Owen Pinnell

Personal information
- Full name: Owen Clifford Pinnell
- Born: 6 January 1947 (age 78) Auckland, New Zealand
- Education: Auckland Technical Institute

Sport
- Country: New Zealand
- Sport: Bobsleigh

= Owen Pinnell =

New Zealand bobsledder

Owen Clifford Pinnell (born 6 January 1947) is a Canadian engineer and business executive. He represented his birth country, New Zealand, as a bobsledder at the 1988 Winter Olympic Games.

==Early life==
Born in Auckland on 6 January 1947, Pinnell studied engineering at Auckland Technical Institute and went on to have a career as a petroleum engineer and business executive in North America.

==Engineering and business career==
After graduating, Pinnell travelled and worked internationally in the mining industry in Africa and France, before settling in Alberta, Canada, in 1978, where he found employment with Dome Petroleum working on the company's ultimately unsuccessful Beaufort Sea development.
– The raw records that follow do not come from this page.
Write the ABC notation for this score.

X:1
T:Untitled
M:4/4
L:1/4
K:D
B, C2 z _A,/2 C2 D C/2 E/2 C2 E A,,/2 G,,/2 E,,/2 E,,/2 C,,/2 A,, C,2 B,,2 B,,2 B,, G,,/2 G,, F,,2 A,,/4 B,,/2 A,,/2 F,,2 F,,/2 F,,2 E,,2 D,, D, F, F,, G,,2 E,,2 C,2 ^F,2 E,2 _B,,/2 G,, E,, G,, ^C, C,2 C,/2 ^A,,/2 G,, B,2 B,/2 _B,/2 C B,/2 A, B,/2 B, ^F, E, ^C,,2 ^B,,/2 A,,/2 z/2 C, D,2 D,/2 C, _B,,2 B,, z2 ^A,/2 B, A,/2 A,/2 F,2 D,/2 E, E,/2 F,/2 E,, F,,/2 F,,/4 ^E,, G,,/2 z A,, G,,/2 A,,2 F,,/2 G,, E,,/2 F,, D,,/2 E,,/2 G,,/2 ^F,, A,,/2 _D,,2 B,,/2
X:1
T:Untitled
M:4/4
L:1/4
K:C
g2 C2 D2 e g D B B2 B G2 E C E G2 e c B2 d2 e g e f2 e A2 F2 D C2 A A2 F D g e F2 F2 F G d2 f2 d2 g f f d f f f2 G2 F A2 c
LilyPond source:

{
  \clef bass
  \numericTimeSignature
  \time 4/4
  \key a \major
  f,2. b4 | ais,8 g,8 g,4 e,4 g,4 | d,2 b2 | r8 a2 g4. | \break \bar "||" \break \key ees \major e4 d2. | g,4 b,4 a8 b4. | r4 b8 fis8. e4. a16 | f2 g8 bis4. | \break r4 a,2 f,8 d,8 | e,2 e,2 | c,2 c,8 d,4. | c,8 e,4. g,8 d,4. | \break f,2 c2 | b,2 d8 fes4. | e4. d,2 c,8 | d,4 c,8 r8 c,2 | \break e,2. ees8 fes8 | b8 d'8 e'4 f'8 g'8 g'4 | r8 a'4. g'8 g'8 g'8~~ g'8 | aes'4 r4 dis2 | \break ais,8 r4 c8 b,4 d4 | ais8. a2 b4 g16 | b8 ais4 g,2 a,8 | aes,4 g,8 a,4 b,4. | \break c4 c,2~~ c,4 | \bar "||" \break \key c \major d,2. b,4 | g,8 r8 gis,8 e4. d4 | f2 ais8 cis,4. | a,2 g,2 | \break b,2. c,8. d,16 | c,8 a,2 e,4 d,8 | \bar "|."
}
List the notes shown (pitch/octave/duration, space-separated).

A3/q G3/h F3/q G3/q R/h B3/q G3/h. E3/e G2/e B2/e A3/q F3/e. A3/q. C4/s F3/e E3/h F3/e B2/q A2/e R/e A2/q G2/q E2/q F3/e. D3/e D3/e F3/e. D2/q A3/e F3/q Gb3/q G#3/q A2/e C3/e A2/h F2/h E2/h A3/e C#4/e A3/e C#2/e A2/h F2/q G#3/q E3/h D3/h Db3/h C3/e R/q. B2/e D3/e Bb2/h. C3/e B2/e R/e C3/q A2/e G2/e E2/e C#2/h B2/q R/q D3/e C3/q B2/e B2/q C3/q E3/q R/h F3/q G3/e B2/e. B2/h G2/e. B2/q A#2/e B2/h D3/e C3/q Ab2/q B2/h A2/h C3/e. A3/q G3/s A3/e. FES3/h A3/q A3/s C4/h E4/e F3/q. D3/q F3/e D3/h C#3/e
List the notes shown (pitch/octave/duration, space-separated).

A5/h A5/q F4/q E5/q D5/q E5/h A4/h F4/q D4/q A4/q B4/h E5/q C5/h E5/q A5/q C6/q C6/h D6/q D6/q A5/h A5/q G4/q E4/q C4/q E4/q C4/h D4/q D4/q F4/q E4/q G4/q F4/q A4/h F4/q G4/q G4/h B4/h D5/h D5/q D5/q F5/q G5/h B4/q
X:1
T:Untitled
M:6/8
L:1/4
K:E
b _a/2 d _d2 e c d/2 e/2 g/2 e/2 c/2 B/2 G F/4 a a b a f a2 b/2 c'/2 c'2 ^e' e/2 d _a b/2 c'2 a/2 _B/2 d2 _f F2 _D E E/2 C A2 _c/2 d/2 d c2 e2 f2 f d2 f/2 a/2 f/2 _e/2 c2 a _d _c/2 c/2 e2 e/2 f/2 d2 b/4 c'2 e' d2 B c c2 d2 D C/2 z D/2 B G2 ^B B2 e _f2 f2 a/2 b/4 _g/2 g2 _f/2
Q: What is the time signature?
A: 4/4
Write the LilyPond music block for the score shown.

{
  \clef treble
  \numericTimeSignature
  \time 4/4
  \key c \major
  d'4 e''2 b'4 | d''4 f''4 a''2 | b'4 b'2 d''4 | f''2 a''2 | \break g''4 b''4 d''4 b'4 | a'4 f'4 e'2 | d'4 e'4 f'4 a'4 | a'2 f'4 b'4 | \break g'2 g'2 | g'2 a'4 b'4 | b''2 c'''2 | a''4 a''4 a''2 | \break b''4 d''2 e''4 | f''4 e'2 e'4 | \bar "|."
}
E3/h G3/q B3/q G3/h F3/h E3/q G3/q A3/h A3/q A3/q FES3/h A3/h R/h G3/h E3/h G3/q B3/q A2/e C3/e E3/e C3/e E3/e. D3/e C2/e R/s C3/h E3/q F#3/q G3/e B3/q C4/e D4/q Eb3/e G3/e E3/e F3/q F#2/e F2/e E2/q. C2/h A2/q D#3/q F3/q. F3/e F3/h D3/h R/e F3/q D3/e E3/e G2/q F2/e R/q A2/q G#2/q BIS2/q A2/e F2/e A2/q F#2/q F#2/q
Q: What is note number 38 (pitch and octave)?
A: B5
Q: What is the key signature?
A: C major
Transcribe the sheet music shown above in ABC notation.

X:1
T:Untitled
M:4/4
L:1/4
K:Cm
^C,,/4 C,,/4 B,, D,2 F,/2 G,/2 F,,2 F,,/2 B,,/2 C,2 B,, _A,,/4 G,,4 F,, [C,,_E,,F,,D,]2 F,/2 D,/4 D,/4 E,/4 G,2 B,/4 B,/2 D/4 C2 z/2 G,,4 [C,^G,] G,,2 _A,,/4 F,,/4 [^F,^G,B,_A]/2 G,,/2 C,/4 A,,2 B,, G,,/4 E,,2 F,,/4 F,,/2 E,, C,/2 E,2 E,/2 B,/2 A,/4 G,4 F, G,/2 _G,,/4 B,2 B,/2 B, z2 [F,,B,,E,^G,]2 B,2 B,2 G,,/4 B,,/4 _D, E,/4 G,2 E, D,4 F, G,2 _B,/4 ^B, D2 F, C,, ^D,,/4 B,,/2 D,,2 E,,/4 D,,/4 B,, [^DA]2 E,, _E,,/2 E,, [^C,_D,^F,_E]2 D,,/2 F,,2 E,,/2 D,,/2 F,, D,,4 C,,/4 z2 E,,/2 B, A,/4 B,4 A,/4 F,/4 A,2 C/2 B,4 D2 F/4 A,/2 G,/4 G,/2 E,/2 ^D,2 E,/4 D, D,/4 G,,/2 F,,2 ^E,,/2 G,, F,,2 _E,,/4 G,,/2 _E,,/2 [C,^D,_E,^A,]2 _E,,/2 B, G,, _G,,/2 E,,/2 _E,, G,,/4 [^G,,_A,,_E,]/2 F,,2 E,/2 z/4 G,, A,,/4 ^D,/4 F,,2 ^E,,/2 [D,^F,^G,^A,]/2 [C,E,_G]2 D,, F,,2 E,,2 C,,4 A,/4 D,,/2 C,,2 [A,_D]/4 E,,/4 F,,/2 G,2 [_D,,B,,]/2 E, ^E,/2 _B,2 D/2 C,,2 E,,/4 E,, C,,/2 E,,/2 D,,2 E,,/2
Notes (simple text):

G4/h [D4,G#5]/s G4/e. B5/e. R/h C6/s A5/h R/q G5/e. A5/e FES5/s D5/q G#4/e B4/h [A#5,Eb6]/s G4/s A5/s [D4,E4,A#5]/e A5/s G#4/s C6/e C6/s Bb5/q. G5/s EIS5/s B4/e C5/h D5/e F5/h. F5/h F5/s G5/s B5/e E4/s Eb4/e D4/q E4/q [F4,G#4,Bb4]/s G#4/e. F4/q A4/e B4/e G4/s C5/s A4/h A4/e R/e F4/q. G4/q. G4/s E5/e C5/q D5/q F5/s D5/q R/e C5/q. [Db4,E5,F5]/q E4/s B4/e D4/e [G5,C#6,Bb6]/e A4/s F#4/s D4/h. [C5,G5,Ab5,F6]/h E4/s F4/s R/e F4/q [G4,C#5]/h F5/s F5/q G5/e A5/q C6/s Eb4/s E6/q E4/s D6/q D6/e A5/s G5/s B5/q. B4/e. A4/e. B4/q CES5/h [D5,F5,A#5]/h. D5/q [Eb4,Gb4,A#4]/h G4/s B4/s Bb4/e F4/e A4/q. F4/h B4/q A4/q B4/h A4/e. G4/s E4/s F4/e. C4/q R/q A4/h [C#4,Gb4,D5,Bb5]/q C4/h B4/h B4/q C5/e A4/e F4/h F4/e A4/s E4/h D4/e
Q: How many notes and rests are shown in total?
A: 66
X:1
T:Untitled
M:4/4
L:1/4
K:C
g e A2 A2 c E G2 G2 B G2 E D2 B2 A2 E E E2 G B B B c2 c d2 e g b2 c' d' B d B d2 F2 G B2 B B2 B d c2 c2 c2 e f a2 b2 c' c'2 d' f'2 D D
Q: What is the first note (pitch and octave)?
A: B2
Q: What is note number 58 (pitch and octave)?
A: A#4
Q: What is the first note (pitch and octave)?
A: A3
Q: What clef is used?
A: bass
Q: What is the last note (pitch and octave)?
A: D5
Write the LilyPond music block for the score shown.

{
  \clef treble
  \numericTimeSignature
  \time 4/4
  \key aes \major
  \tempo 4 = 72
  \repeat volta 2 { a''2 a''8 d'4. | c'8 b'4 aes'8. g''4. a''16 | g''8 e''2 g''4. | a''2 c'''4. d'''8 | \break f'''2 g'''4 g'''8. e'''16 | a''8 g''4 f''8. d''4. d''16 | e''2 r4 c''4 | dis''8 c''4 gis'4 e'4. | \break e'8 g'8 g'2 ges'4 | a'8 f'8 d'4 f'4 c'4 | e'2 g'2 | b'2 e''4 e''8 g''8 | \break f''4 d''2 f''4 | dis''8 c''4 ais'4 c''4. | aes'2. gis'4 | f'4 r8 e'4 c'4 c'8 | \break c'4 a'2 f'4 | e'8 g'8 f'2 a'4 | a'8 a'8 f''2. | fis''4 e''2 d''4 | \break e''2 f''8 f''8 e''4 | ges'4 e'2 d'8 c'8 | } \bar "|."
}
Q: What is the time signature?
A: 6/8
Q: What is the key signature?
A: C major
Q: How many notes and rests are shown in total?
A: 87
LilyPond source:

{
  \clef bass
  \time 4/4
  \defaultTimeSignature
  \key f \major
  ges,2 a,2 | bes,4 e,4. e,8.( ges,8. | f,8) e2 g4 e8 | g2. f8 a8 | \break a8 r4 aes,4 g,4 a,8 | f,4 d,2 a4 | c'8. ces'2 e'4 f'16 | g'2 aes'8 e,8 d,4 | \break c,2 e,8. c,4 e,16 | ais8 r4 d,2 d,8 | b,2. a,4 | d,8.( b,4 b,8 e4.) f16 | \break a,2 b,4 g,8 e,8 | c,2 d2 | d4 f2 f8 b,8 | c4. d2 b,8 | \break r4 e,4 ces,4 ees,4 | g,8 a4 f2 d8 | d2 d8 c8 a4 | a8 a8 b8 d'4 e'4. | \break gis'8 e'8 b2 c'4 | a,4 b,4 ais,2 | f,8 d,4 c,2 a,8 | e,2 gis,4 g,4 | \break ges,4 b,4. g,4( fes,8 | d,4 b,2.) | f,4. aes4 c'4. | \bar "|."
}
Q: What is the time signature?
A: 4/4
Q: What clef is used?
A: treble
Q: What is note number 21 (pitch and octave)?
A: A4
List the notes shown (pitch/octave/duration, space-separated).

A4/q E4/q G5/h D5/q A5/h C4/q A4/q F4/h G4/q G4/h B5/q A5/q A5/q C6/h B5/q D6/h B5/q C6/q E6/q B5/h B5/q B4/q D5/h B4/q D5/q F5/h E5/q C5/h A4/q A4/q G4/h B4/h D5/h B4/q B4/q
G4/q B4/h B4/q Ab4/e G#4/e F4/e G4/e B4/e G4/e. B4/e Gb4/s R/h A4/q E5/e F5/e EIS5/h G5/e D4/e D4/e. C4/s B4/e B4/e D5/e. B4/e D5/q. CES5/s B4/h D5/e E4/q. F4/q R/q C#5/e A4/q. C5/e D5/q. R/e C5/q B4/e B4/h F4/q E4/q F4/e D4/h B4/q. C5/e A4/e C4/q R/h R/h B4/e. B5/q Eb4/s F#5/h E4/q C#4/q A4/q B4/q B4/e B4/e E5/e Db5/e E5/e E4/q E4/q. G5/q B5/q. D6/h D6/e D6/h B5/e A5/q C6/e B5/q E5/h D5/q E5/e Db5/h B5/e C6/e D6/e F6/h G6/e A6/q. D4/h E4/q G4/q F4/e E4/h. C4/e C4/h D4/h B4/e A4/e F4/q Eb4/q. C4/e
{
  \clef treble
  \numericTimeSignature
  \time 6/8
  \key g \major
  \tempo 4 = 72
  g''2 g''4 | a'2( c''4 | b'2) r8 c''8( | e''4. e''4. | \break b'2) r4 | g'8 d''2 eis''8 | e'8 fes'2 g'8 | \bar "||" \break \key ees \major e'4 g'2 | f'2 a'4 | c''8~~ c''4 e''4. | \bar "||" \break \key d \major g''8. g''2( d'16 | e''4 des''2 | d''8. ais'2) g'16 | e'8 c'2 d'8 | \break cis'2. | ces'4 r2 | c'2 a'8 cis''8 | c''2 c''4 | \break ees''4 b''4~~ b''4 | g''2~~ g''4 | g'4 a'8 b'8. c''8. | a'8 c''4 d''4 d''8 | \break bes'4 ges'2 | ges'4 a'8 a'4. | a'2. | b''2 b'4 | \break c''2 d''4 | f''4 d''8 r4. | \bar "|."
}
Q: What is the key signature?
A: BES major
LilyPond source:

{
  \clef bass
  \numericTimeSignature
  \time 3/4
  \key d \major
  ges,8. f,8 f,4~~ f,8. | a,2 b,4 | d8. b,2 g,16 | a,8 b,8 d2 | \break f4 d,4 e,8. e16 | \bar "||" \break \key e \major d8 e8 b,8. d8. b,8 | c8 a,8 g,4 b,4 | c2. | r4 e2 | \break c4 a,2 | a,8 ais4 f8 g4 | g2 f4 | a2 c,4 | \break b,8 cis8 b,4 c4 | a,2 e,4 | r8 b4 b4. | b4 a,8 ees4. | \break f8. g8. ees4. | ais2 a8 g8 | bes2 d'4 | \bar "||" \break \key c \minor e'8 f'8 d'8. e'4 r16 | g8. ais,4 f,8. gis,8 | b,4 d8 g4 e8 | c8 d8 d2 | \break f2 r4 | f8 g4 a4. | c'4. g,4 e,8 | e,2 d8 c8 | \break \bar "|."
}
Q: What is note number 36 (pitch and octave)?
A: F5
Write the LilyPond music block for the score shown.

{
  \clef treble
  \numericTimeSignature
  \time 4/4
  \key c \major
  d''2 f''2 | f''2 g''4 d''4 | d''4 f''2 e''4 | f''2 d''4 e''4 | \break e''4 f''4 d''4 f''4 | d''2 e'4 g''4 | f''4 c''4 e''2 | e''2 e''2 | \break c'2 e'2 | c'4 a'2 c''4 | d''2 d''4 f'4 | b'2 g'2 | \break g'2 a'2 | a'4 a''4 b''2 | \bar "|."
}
He left Dome in 1982, and co-founded oil and gas exploration, processing and waste management company, Newalta Corp. The company, of which Pinnell was president, opened its first gas processing plant at Red Willow, Alberta, in 1988 and a second plant the following year, processing around 20,000,000 ft3 of natural gas daily. A small player in the Alberta market, it was as a waste management company that Newalta gained attention. By 1989, the company was listed on the Toronto Stock Exchange and had annual revenues of CA$15.5 million.

Pinnell left Newalta in 1992, and established Anadime Corp, initially as a commercial and industrial waste disposal company based in Victoria, British Columbia, because of a three-year non-competition agreement with Newalta. Once that agreement expired, Pinnell relocated Anadime to Alberta and reinvented the company as an oilfield waste management business. The company achieved a profit for the first time in 1996. In 2000, Pinnell stepped down as president and chief executive officer of Anadime, but retained a role in the company's strategic development. Anadime was acquired by Newalta in 2001.

Pinnell's subsequent business interests include being a director of Zeacom from 2003 to 2012, and chairman and chief executive of Calgary-based Anterra Energy.

==Bobsleigh==
Described as a "big, rugged-looking bloke who plays rugby and looks like he should be on his native country's national team", Pinnell joined up with other New Zealand expatriates living in the Calgary area in 1987 to form a bobsled team. Pinnell and two others had played rugby union for Calgary Irish, and had only just taken up bobsledding. Pinnell unsuccessfully approached Michael Fay for financial backing for the team, and donated the team uniform. The New Zealanders competed at World Cup bobsleigh events in late 1987, and did well enough for a team of four sledders to be selected to compete at the 1988 Winter Olympics; Pinnell was named as team manager but was not initially included as an athlete. However, after an appeal, Pinnell was added to the team as a reserve driver in the four-man team.

During pre-event training at the Olympic Games, New Zealand was allowed to train a reserve two-man bob team, with Pinnell as driver, to gain experience in case of injury to one of the nominated two-man sled members, and they performed well enough to be included in the main competition. Pinnell and his brakeman, Blair Telford, went on to finish in 31st place out of 41 teams.

Aged 41 when he participated in the 1988 Winter Olympics, Pinnell held the distinction of being the oldest New Zealand competitor at a Winter Olympics, until his record was surpassed in 2006 by three curlers: Lorne De Pape who was 50, Hans Frauenlob (45), and Dan Mustapic (45).